Funeral service for Justice Tsekooko

Oct 17, 2019

Tsekooko died on Monday at the age of 77, at Norvik hospital after a long battle with prostate cancer.

OBITUARY      JUSTICE

KAMPALA - A funeral service for former Supreme Court Justice Wilson Tsekooko is going to be held at St. Luke Anglican Church in Ntinda.

Tsekooko died on Monday at the age of 77, at Norvik hospital after a long battle with prostate cancer.

Since his death, there has been an outpouring of tributes from the legal profession with many describing him as one of the finest legal brains to have ever graced the bench.

He was held in high regard in the legal fraternity for his courage, brilliance, humility and uncompromising nature.

According to lawyers, his judgments were always unquestionable and hard to contest.

Tsekooko served as a Supreme Court justice from 1994 to 2015 and during this time, he had the opportunity to be among the justices who handled two presidential poll petitions, 2001 and 2006. In both instances, he annulled President Yoweri Museveni's election and ordered for fresh elections.

However, this was not to be the first time he is involved in a matter against President Yoweri Museveni. In 1980, president Museveni through a lawyer, Jonathan Kateera sued former President Milton Obote for defamation.

It's alleged that Obote had claimed that Museveni was not Ugandan and could not qualify for presidential elections.

To file his response Obote hired Tsekooko to defend him but the case never took off because Museveni, took to the bush and started a guerrilla war in protest of Obote's victory.

Of course, his UPC leanings are one thing that Museveni wasn't about to forget. By 2017, Tsekooko had already retired but was present during that year's judges' conference in which President Museveni cheekily said that the judiciary was still full of UPC cadres. This prompted laughter from everybody, including Tsekooko.

Between 1990 and 1994, he served as a High Court Judge. He also served in different capacities including chairperson of the Judicial Training Committee and Chairperson East African Judicial Education Committee (1997-2012).
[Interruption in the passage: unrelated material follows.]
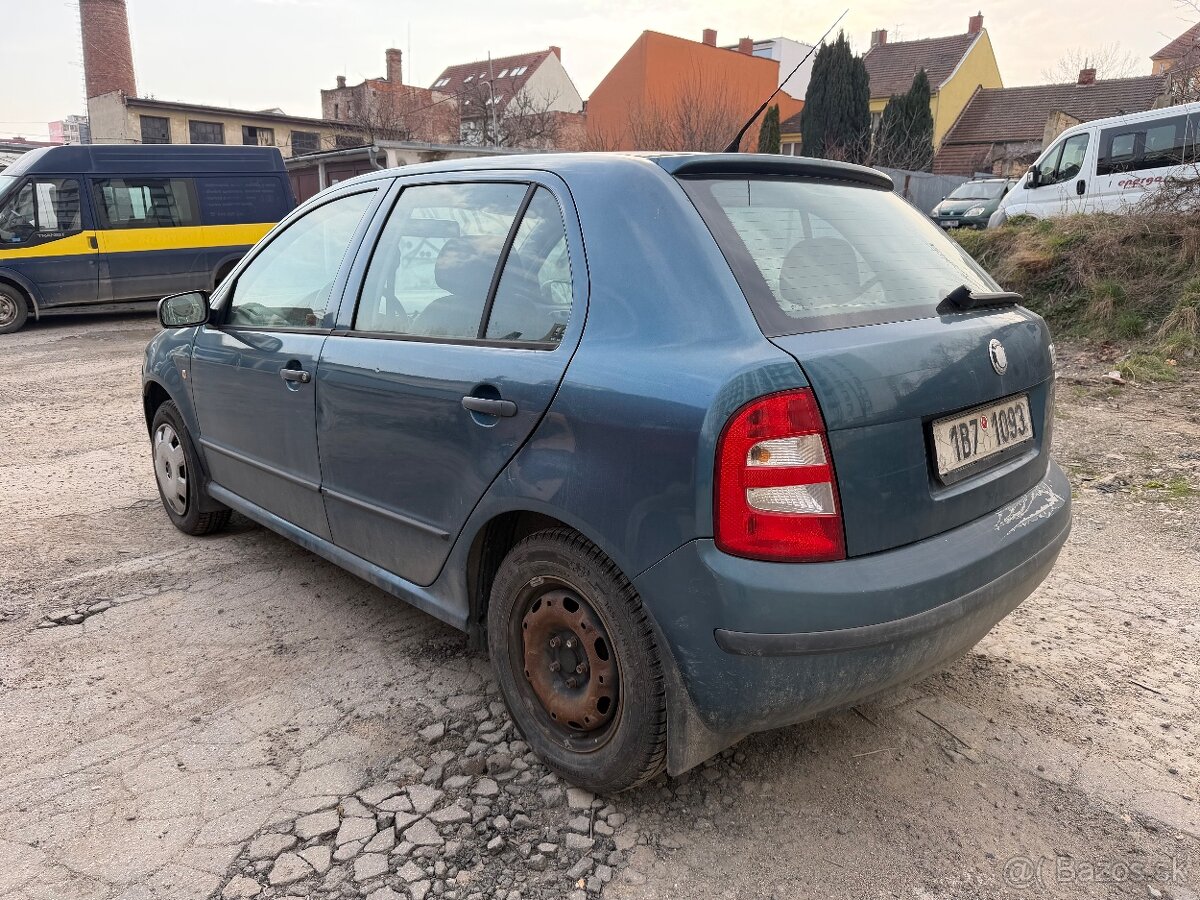 Škoda Fabia 1.2 12V - 3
Tsekooko worked in the Office of the Director of Public Prosecution, starting as a state attorney and rising through the ranks to become a principal state attorney.

He was also a Member of Parliament under the UPC ticket and chaired the privileges committee between 1981 and 1985.

At the time of his death, he was working on a civil procedure rules project for the judiciary, the ‘Civil Procedure Bench Book'.

Tsekooko will be buried on Saturday at his ancestral home in Bunakhaima village, Butiru Sub-county, Manafwa district.